In #6, you're taking the partial derivative with respect to $\alpha$. That means $\beta$ is held constant so any derivative of $\beta$ will equal 0.

13. Feb 6, 2010

### yungman Please bear with me, I am still stuck!!! What is wrong with this:

$$\frac{\partial \beta}{\partial \alpha} = \frac{\partial \beta}{\partial x} \frac{\partial x}{\partial \alpha} = \frac{\partial \beta}{\partial x}$$

14. Feb 6, 2010

### owlpride Think about it in terms of linear algebra: (1,0) and (0,1) are two independent vectors that span R^2. Spanning R^2 means that given any point p in R^2, you can find coordinates x and y such that p = x (1,0) + y (0,1). (1,0) and (1,1) are also independent and form a basis for R^2, but they are not orthogonal.
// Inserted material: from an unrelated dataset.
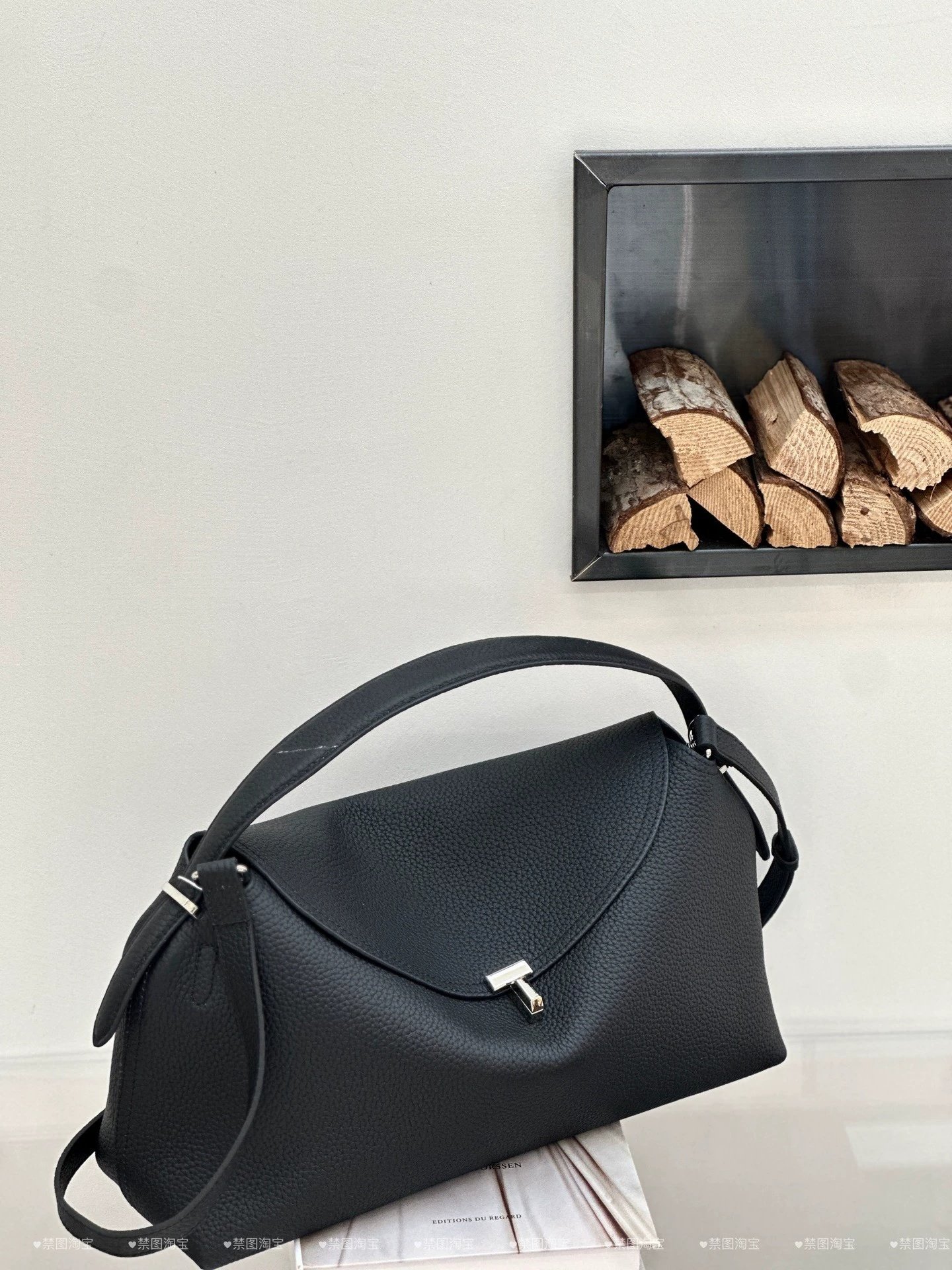 Genuine Leather Women's Bag, Cross-border High-end T-shaped Lock, Large-capacity Shoulder And Handbag, Top-layer Cowhide Underarm Bag - Image 7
The same is true for alpha and beta. They are two independent coordinates (in the linear algebra sense) and form a basis for R^2, but they are not orthogonal.

15. Feb 6, 2010

### owlpride Consider another example: take standard x-y coordinates and define a function t(x,y) = x+y. By the same argument,

$$\frac{\partial y}{\partial x} = \frac{\partial y}{\partial t} \frac{\partial t}{\partial x} = 1 \cdot 1 = 1$$

Do you see what happened?

16. Feb 7, 2010

### yungman I got out the multi variable book and read up on the chain rule, I am still reading and thinking about it. I thing I see wrong with my assumption is $$\frac{\partial x}{\partial \alpha}$$is not legal in the chain rule because it is travelling "up" the diagram.

I can see

$$\frac{\partial y}{\partial x} = \frac{\partial y}{\partial t} \frac{\partial t}{\partial x} = 1 \cdot 1 = 1$$

Is wrong because t is function of y, y is not a function of t.

$$\frac{\partial y}{\partial t}$$ is not allowed.

Am I correct?

Also is $$\alpha,\beta$$ independent variable that $$\frac{\partial \alpha}{\partial \beta}=0$$?

Last edited: Feb 7, 2010
17. Feb 7, 2010

### owlpride The diagrams are a good way to take partial derivatives. When you try to differentiate alpha with respect to beta, you are either moving up in the diagram or you need to build a circular diagram (beta is a function of x and t, x is a function of alpha and beta, etc).

Have you tried drawing a picture of what the alpha and beta coordinate curves look like? Once you draw a picture, you can see that you can freely vary alpha without affecting beta. You can also do this algebraically: Suppose beta = x-ct = const or t = (x - const)/c. If you move along the line t = (x - const)/c, you will vary alpha while keeping beta fixed.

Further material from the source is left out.